## JSON; Javascript Object Notation

![img](img/Working-With-JSON-Data-in-Python_Watermarked.webp)

(image totally belongs to Real Python and not us. Source [here](https://realpython.com/python-json/) )

## Learning Goals:

You will be able to:
* Together explore an unknown JSON schemas
* Access and manipulate data inside a JSON file
* transform it to another data structure
* Practice on a new json

## Why do we care about JSON?

### Great interest in JSON
![json](img/stackoverflowtrends.svg)

### JSON and python are popular

![trends](img/google_trends.png)

## The OG reference on [JSON](https://www.json.org/)

[Here](https://www.digitalocean.com/community/tutorials/an-introduction-to-json) is another helpful reference.

### Import the `json` library

In [None]:
import json as json

`json` library [documentation](https://docs.python.org/3/library/json.html)

### What function do we use to load a json?
**Task**: the file is called `google-maps-geocoding-results.json`<br>
assign it to `data`

In [None]:
f = open('google-maps-geocoding-results.json')
data = json.load(f)

### Let's look at the data

In [None]:
print(data)

In [None]:
data

### Hm, that second bit looks familiar....

#### How does python classify the json object?

In [None]:
type(data)

Because we know it's a `dictionary` we can now reference `keys`, `values`, and `items`

#### Look at the data and try to navigate it!

In [None]:
data.keys()

#### What type of item is `results`?

In [None]:
results = data['results']
results

In [None]:
type(results)

But what `type` is the first element in `results`?

In [None]:
results[0]

#### So what are the keys?
Is this where we finally find the relevent information?

In [None]:
data['results'][0].keys()

**Okay**....Check the type of `address_components`, does it have keys or a list?<br>
Let's target a specific value like 'Main street'

In [None]:
data['results'][0]['address_components'][1].keys()

#### Okay, so let's use a for loop to get the entire address information

In [None]:
for address_component in data['results']:
    for component in address_component['address_components']:
        print(component['long_name'])

#### Task:
- In what type of structure is the lat and long located?
- How would you access the lat and long of this lcoation?
- Write the code to access the lat and long

### Analysis: 
We cannot run any machine learning algorithms on a json, the data needs to be in tabular format.

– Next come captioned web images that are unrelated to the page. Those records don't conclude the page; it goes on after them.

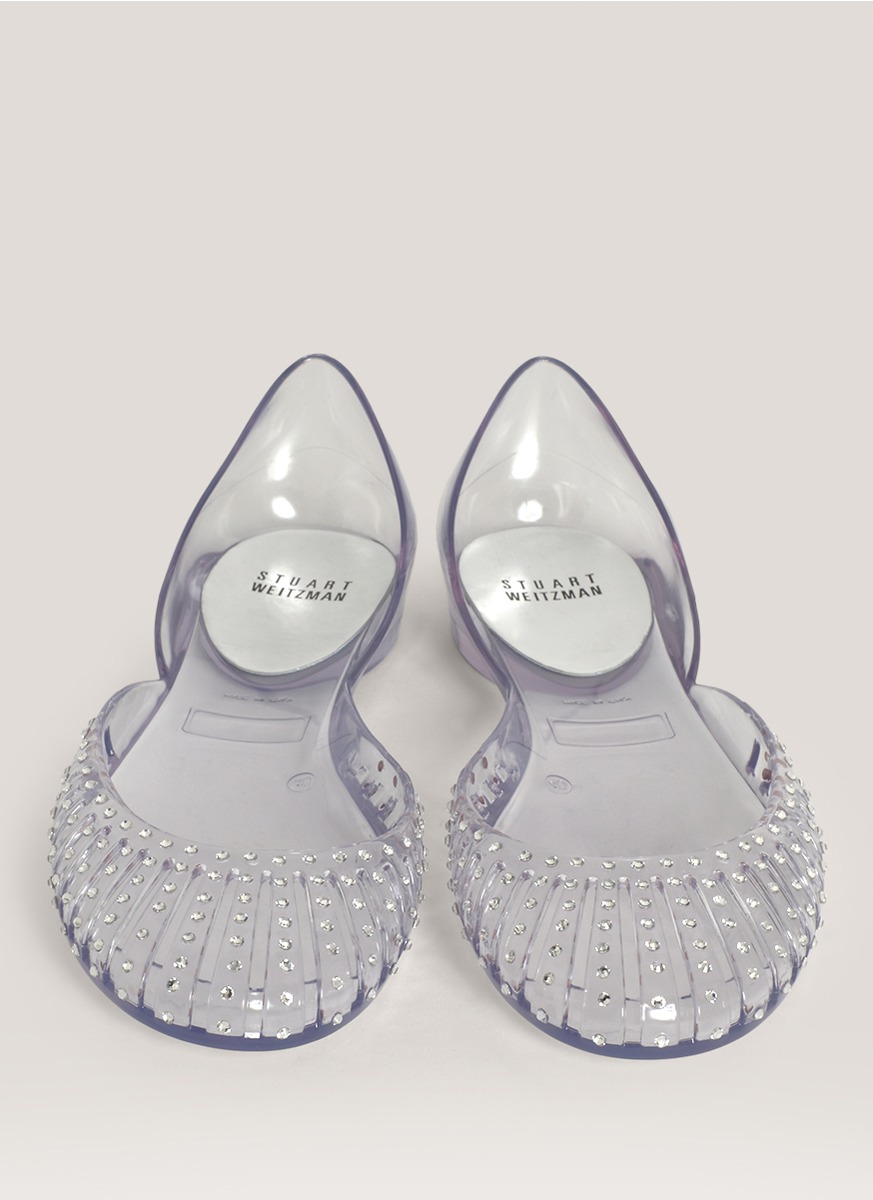 Lyst - Stuart weitzman Jealous Crystal Jelly Flats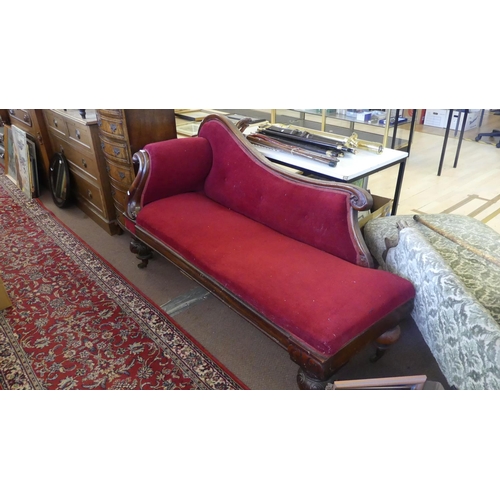 1118 - Vic Mahogany Chaise Longue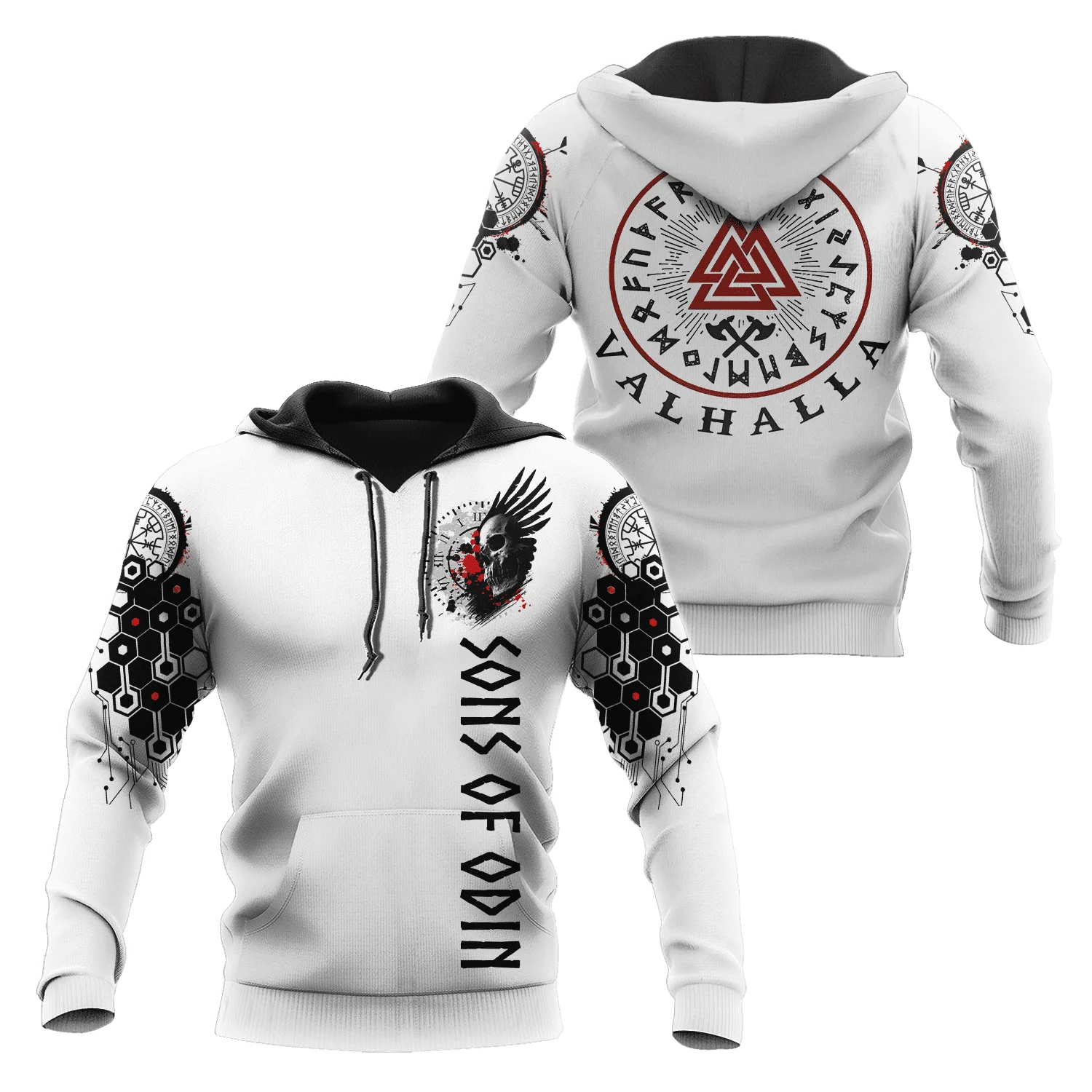 Men's Hoodie 3D Printed Pullover Oversized Spring Fall Loose Vintage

What if we wanted to store that information to a df?

In [None]:
import pandas as pd

dfcols = ['number', 'street', 'district', 'city', 'county', 'state', 'country', 'zip']
df = pd.DataFrame(columns=dfcols)

address = []

for address_component in data['results']:
    for component in address_component['address_components']:
        address.append(component['long_name'])
    df = df.append(pd.Series(address, index=dfcols), ignore_index=True)

df.head()

#### Task:
How would you enhance the code above to add the primary latitude and longitude for this location to the data frame?

### Why are we using this difficult process? isn't there an easier way?

there is `pd.DataFrame.from_dict` and `pd.read_json`, but if you try them, what happens?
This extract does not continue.